Millet: A review of its nutritional and functional changes during processing

Food Res Int. 2021 Apr:142:110197. doi: 10.1016/j.foodres.2021.110197. Epub 2021 Feb 1.

Abstract

Millets are a major source of human food, and their production has been steadily increasing in the last decades to meet the dietary requirements of the increasing world population. Millets are an excellent source of all essential nutrients like protein, carbohydrates, fat, minerals, vitamins, and bioactive compounds. However, the nutrients, bioactive compounds, and functions of cereal grains can be influenced by the food preparation techniques such as decortication/dehulling, soaking, germination/malting, milling, fermentation, etc.
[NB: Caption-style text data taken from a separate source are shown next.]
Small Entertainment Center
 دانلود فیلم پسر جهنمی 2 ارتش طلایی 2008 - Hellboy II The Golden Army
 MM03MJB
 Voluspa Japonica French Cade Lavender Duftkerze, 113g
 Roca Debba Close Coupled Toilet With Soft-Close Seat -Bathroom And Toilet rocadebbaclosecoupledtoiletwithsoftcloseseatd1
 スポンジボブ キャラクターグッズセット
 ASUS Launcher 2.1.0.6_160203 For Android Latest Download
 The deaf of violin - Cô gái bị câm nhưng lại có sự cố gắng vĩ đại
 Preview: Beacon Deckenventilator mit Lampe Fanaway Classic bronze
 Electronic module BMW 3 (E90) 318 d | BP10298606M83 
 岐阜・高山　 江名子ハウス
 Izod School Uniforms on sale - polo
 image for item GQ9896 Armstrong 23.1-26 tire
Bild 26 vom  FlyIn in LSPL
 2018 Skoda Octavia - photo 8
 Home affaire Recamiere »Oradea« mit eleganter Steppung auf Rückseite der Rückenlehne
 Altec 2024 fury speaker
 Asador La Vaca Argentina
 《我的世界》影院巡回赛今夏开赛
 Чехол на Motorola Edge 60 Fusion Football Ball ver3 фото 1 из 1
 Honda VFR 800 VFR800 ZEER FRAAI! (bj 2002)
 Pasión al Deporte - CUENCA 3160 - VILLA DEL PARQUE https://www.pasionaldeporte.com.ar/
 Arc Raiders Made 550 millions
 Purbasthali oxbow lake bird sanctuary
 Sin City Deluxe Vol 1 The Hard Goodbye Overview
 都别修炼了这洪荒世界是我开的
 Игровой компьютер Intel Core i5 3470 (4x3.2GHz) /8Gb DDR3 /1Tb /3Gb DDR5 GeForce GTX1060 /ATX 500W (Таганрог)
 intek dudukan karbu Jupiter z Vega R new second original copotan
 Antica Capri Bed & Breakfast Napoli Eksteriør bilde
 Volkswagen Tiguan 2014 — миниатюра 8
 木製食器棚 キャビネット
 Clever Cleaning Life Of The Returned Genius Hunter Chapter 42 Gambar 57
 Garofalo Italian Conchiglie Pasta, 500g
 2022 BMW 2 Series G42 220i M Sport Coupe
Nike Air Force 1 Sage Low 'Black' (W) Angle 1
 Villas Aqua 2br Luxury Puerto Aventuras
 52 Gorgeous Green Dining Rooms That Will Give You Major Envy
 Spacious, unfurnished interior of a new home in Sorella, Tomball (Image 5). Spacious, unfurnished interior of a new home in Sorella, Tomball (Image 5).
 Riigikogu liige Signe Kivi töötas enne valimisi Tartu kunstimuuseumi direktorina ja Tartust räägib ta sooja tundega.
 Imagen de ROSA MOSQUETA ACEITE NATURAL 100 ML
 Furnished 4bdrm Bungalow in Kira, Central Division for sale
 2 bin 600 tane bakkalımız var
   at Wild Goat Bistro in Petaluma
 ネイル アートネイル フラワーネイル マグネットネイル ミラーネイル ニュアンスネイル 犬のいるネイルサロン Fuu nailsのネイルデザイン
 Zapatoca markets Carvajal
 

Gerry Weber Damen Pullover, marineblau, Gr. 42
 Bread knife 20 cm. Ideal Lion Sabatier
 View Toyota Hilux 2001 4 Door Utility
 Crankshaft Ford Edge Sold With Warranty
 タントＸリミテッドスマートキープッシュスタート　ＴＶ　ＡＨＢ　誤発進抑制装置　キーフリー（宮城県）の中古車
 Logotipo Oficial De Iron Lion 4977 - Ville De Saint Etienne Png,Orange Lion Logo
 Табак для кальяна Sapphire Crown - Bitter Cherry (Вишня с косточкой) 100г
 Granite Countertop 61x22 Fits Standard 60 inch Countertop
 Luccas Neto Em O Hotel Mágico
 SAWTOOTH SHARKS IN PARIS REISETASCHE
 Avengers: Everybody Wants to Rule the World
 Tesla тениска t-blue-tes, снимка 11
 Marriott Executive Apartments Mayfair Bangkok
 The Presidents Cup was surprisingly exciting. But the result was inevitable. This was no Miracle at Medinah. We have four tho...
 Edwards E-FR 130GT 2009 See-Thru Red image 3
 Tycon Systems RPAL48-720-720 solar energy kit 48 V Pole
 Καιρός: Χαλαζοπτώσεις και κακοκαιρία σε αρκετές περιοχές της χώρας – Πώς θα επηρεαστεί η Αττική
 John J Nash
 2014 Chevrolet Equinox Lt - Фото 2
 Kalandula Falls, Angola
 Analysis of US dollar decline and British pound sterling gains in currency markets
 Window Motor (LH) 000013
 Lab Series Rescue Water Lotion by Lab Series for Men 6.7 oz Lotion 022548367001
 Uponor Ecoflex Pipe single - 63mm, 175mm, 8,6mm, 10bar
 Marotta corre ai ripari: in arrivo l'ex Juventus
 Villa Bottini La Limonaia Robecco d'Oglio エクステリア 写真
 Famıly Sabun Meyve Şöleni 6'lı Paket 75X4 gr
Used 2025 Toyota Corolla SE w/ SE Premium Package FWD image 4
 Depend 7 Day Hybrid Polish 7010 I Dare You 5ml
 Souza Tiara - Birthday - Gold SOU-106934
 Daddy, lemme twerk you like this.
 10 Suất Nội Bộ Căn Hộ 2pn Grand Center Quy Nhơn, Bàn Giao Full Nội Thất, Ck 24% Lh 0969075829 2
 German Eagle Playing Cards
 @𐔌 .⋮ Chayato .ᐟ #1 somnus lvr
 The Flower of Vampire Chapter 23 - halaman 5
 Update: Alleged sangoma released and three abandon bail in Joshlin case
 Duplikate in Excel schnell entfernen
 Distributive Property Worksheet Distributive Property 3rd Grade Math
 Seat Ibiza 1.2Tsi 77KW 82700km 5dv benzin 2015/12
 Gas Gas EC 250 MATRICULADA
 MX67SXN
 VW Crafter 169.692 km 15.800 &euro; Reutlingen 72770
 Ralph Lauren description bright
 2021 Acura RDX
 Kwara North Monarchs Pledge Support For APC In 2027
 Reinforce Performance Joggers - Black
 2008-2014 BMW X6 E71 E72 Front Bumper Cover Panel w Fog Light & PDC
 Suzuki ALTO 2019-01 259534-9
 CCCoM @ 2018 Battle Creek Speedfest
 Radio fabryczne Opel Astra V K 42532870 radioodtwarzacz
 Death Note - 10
This study discusses the nutritional and functional changes in millet during different traditional/modern processing techniques, based on more than 100 articles between 2013 and 2020 from Web of Science, Google Scholar, FAO, and USDA databases. Our results concluded that processing techniques could be useful to combat undernourishment and other health issues. Moreover, this review provides detailed information about millet processing, which is advantageous for industry, consumers, and researchers in this area.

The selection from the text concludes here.